After discovering individual resources, Rime maps the relationships between them:

  • Which S3 buckets send event notifications to which SNS topics
  • Which IAM roles grant access to which S3 buckets
  • Which IAM roles are assumed by Snowflake (based on trust policies)

These relationships are displayed as a dependency graph in the import review screen.

Selective import

After the scan, you choose which resources to import. The review screen shows all discovered resources organized by type, with data-pipeline-related resources highlighted and pre-selected.

For each resource, you can see:

  • Its current configuration
  • Its relationships to other discovered resources
  • Whether it conflicts with a resource already managed by Rime

Select the resources you want to manage through Rime. Resources you do not select remain in your AWS account unchanged.

Terraform state adoption

For each imported resource, Rime:

  1. Creates an infrastructure resource in the project that represents the AWS object.
  2. Imports into Terraform state by running terraform import against the existing resource. This means Rime now tracks the resource without recreating it.
  3. Sets desired state to match the current configuration. There is no drift immediately after import.
  4. Enables change management. Future changes to the resource should go through Rime’s infrastructure UI, which generates a Terraform plan and applies it on approval.

The import process does not modify any AWS resources. It only creates Rime’s internal state tracking.

Post-import behavior

Once resources are imported:

  • Changes go through Rime. Modifying an imported resource (e.g., adding a lifecycle rule to an S3 bucket) is done through the infrastructure management UI.
  • Drift detection is active. Rime periodically checks whether the actual AWS configuration matches the desired state. Changes made directly in the AWS console are detected and flagged.
  • Relationships are tracked. If you import both an S3 bucket and the IAM role that grants access to it, Rime understands the dependency and prevents you from deleting the role while the bucket still references it.

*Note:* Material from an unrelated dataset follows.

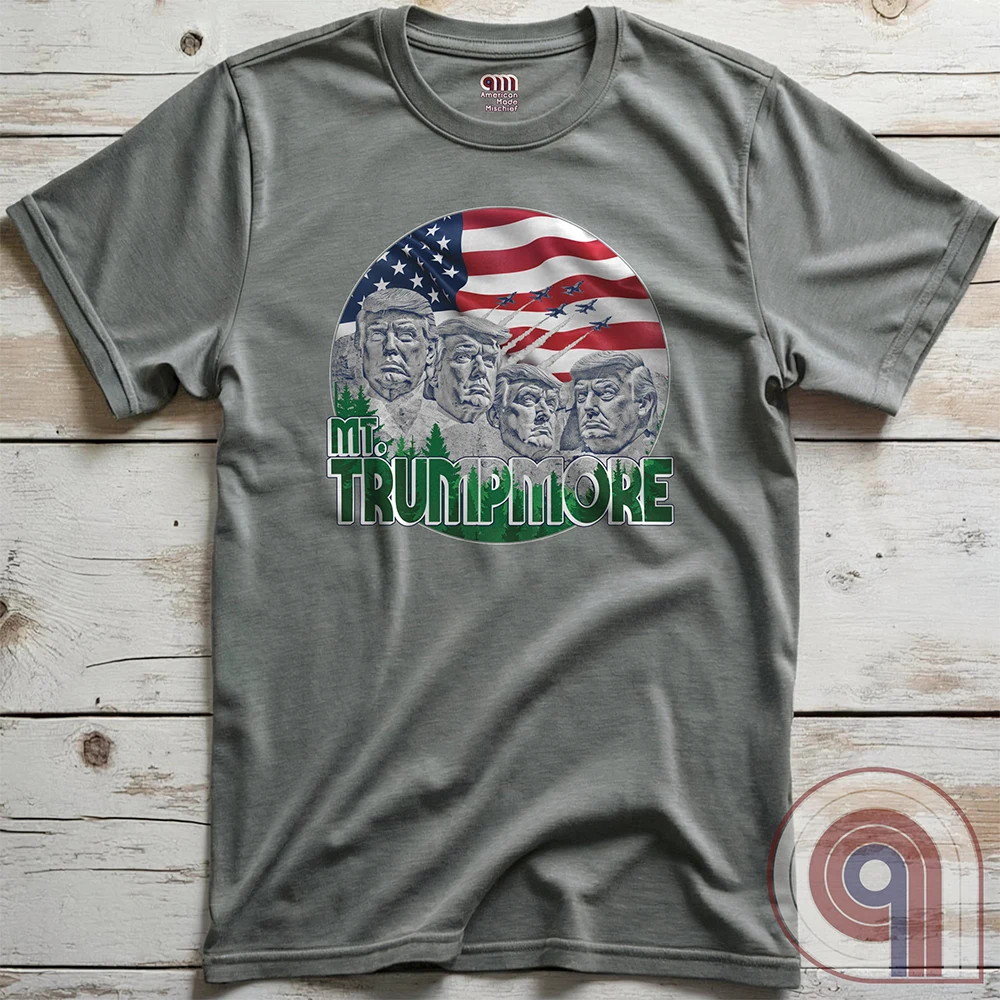 Mount Trumpmore stands as a bold symbol of American resilience, patriotism, and leadership. This striking t-shirt reimagines a national monument in the image of Donald Trump, embodying strength, defiance, & commitment to America first. Set against the stars & stripes, this shirt captures the grandeur of a historical moment & the glory of a triumphant return. For patriots who refuse to let America fade, this tee celebrates leadership and a vision of American greatness carved into history. Color- Grey2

Azure resource discovery (planned)

Azure resource discovery is on the roadmap but not yet available. When released, it will support:

  • Azure Blob Storage accounts
  • Azure Event Grid topics
  • Azure Active Directory service principals
  • Azure Key Vault secrets related to Snowflake connections

If you are running your data stack on Azure, you can still use Rime for Snowflake management, connectors, transformations, and monitoring. Infrastructure management for Azure resources will require manual creation in Rime until the Azure import tool is available.

Limitations

  • Read-only scan. The discovery process never modifies AWS resources. It only reads metadata.
  • Cross-account resources are not discovered. The scan covers only the AWS account whose credentials you provide. If your data stack spans multiple AWS accounts, run separate scans for each account.
  • Resource types are limited to those listed above. Other AWS services (Lambda, Step Functions, Glue, etc.) are not currently discovered, even if they are part of your data pipeline.
  • Region-specific resources. S3 bucket names are global, but SNS topics and IAM roles are regional. Make sure to scan the correct region(s) for your data stack.